Of the hundreds of representatives in Congress, just nine actually represent the nearly 2,000-mile border with Mexico. Seven of them are Democrats.
This week, Newsy spoke with two who had very different views of the Biden administration's handling of the border.
"There's been a lot of back and forth communication, so I don't feel like we've been operating in a void at all," said Rep. Ann Kirkpatrick of Arizona. "They really are doing a good job."
"Some of our advice has not been taken," Rep. Raúl Grijalva told Newsy. "It needs to be taken."

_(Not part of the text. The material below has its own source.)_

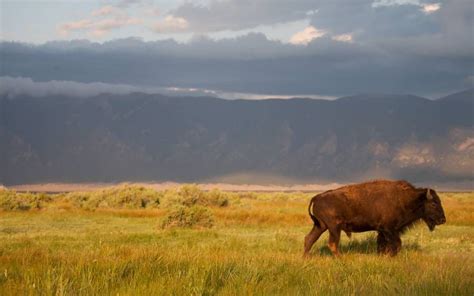 The Official Site for Alamosa, Colorado Tourism Information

Grijalva's district encompasses the vast majority of Arizona's border with Mexico. So far, he says the feds haven't done enough to reimburse local governments and nonprofits.

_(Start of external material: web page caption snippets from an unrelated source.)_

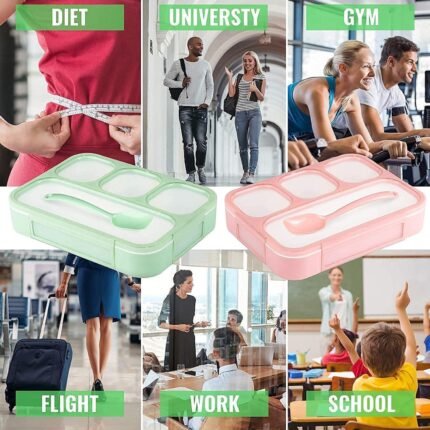 Lunch Box Compartment With Leak Proof Lunch Box For School Office Use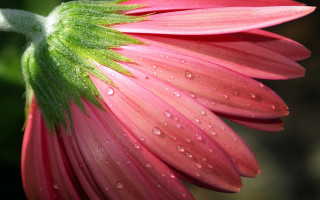 Pink flower water droplets macro 19 - petal free wallpaper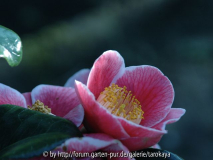 sanpei-tsubaki 4/08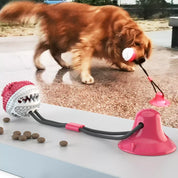 Sturdy Dog Stretching - PlayPaw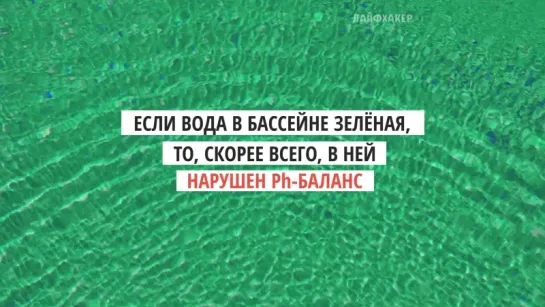 Почему вода в бассейне становится зелёной?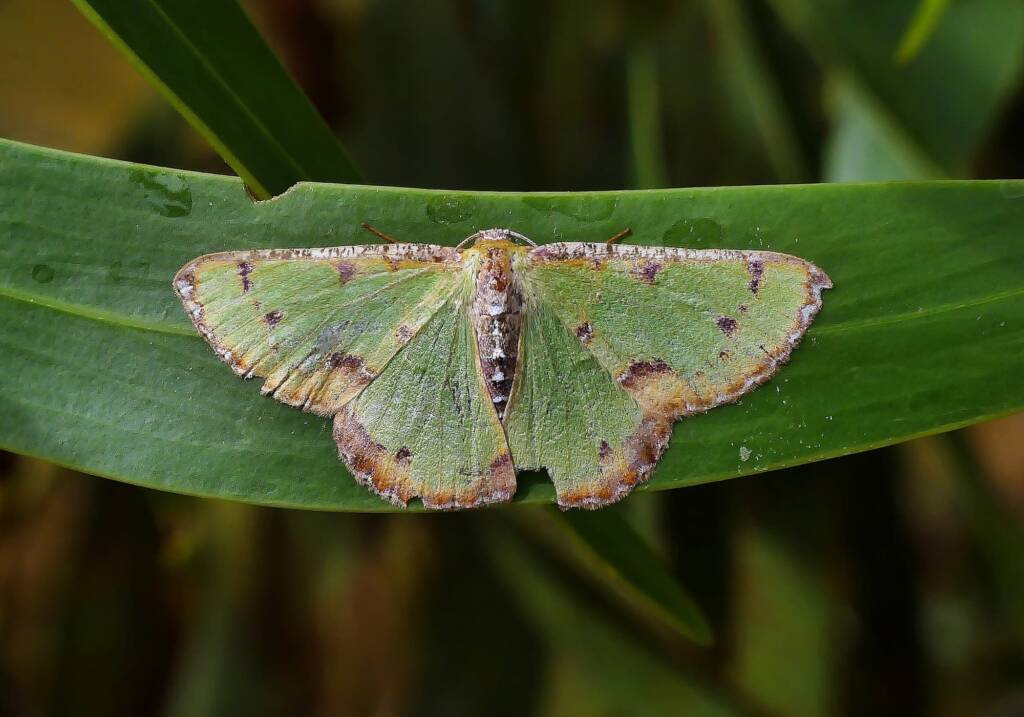 Eucyclodes buprestaria, Belair SA © Marianne Broug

"It is not fair to the leadership in Ajo [Arizona] to say: 'Hey, by the way, we're Border Patrol, we're going to dump some people here, some refugees. They haven't been tested; that's your problem,'" Grijalva said.
Amid growing questions about a lack of transparency, including media access into Customs and Border Protection and Health and Human Services facilities, the representatives that Newsy spoke with had different responses.

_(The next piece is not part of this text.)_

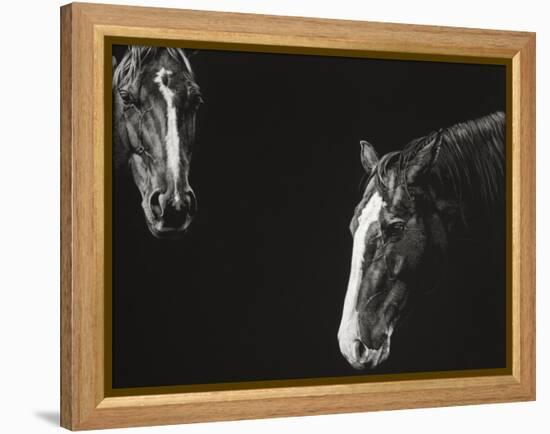 Cowboy Scratchboard III-Julie Chapman-Framed Stretched Canvas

"I just have a concern about … the children," Kirkpatrick said. "I think we need to protect them as much as possible, and I don't think that this is necessarily a PR opportunity. It's an opportunity to be humane."
"I've said from the beginning that that's a mistake," Grijalva said. "The resistance to any public presence, even from members of Congress, it was a mistake then and it is a mistake now."
Under President Biden, the House has passed two immigration bills, now in the hands of Democratic Senate Majority Leader Chuck Schumer.
"I believe in comprehensive immigration reform," Schumer told reporters Thursday. "The House has ... [passed] bills, and we're going to meet and figure out the best way forward where we can get the most done."
One of those House-passed bills would create a pathway to citizenship for so-called Dreamers, immigrants brought here illegally as kids. However, it's likely to flounder in the Senate without bipartisan support.
Most legislation needs 60 votes for passage in the Senate due to the filibuster, but Democrats only control 51.
"The expectation is for us to do something, not just to sit here," Grijalva said. "That filibuster rule is all about sitting on your hands."
The Arizona congressman told Newsy he'll vote for any reform, provided it doesn't make immigration into the U.S. more restrictive.
"It'll be one of those hold-your-nose votes later on," Grijalva said.